IRS Tax News

  • 08 Sep 2020 9:12 AM | Anonymous

    Revenue Ruling 2020-18 provides the rates for interest determined under Section 6621 of the code for the calendar quarter beginning October 1, 2020, will be 3 percent for overpayments (2 percent in the case of a corporation), 3 percent for underpayments, and 5 percent for large corporate underpayments. The rate of interest paid on the portion of a corporate overpayment exceeding $10,000 will be 0.5 percent.

    Revenue Ruling 2020-18 will be published in Internal Revenue Bulletin 2020-39 on Sept. 21, 2020


  • 08 Sep 2020 9:12 AM | Anonymous

    WASHINGTON — The Internal Revenue Service announced today that Rachel Leiser Levy is the new Associate Chief Counsel, Employee Benefits, Exempt Organizations and Employment Taxes (EEE).

    Levy has served as a principal at Groom Law Group in Washington, D.C., since 2015. She has an extensive background on issues including employee benefits, employment taxes and exempt organizations, including work at the Treasury Department and the Joint Committee on Taxation.
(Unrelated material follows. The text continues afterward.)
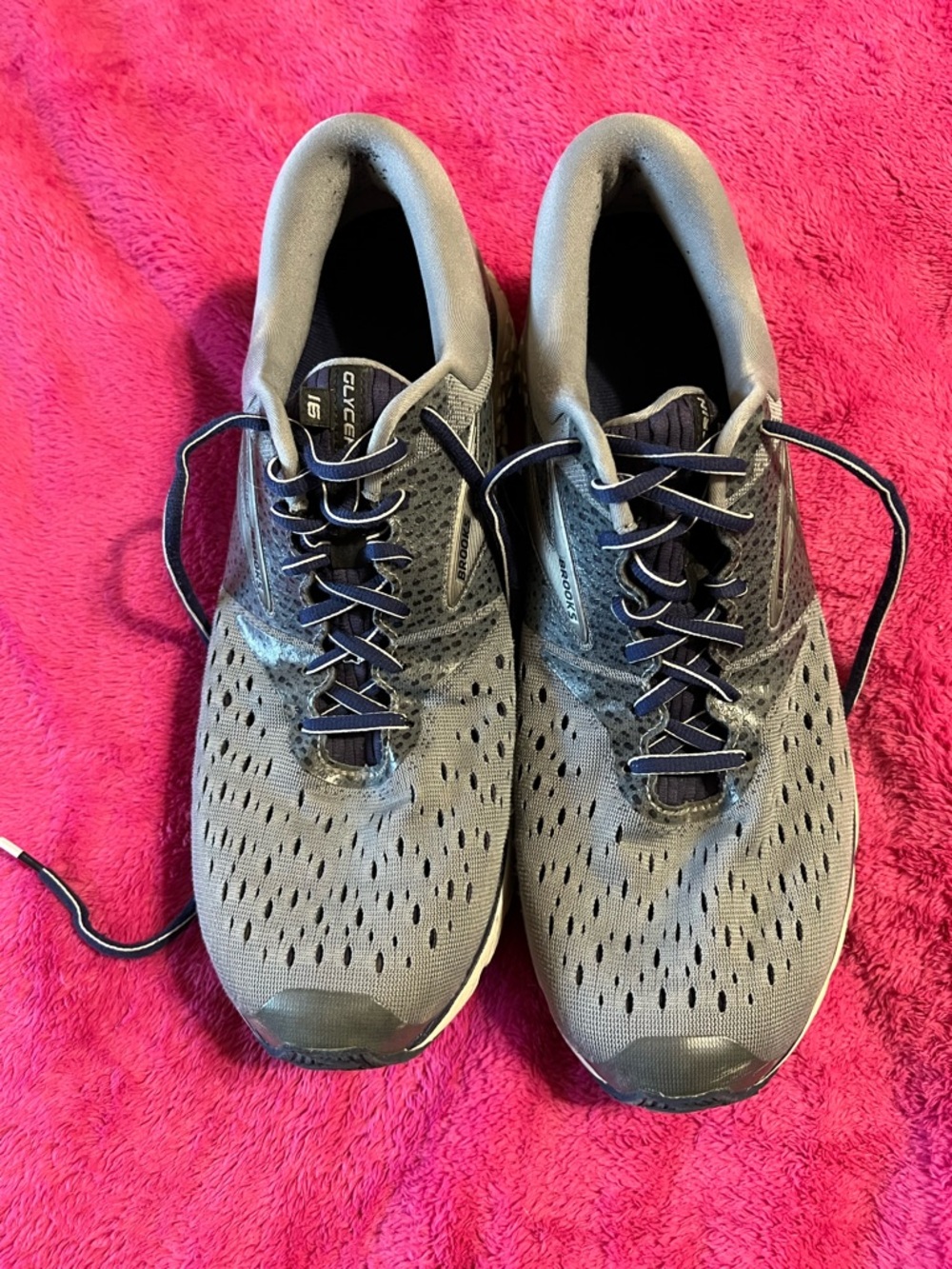 Brooks Men's Gray and Black Athletic Running Shoes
She begins in her new role Sept. 29.

    “Rachel brings a strong set of skills from both inside and outside the government to this critical position for Chief Counsel and the IRS,” said Mike Desmond, IRS Chief Counsel. “We look forward to her coming on board and are fortunate to have her join our staff.”
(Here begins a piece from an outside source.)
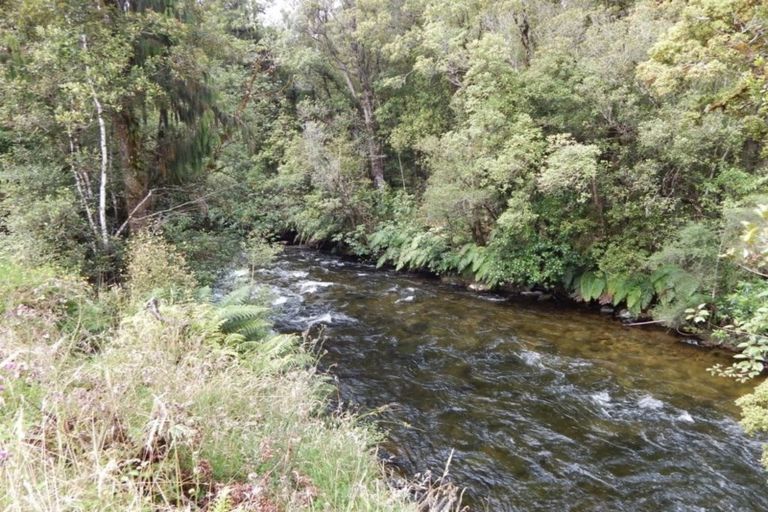 Photo of property in 1279 Lake Kaniere Road, Lake Kaniere, Kokatahi, 7881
    EEE provides published guidance, field support and taxpayer advice on a wide array of topic areas including qualified retirement plans, health and welfare and other employee benefits, executive compensation and fringe benefits, tax-exempt entities, employment tax, state and local governments and Indian tribal governments.

    Previously, Levy was an attorney-advisor and then associate benefits tax counsel with the Office of Tax Policy, U.S. Department of the Treasury, from March 2012 to February 2015. In this capacity, she developed policies and guidance related to the taxation of employee benefits, employment taxes and exempt organizations and coordinated with IRS, Department of Labor, U.S. Department of Health and Human Services and the Domestic Policy Counsel on all aspects of health care reform implementation.
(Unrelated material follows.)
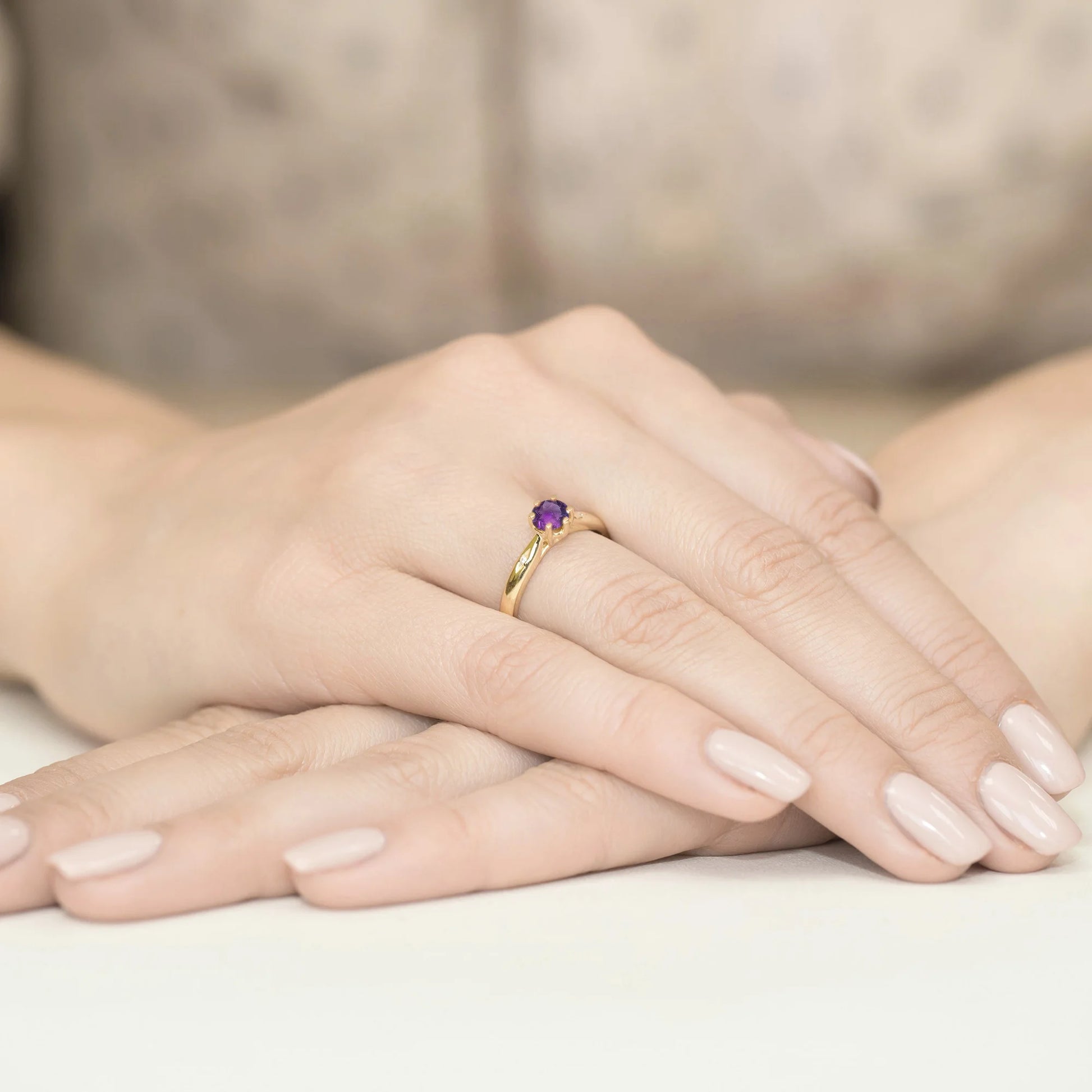 Ring Viorea aus Gold mit Amethyst und 2 Diamanten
    She also was a legislation counsel for the Joint Committee on Taxation from August 2008 to March 2012. She assisted in the development and drafting of the Affordable Care Act; the Health Care and Education Reconciliation Act of 2010; the American Workers, State and Business Relief Act of 2010; the American Jobs and Closing Tax Loopholes Act of 2010; the American Recovery and Reinvestment Act of 2009; the Emergency Economic Stabilization Act of 2008 and the Worker, Retiree and Employer Recovery Act of 2008.

    In addition to her government service, Levy has extensive private-sector experience.

    In addition to serving as principal at Groom Law Group in Washington, D.C., she also was an associate with Covington & Burling LLP and with Sonnenschein Nath & Rosenthal LLP.

    Levy received her B.A. in literature from Yeshiva University and her J.D. from the University of Chicago Law School where she was a member of the Law Review.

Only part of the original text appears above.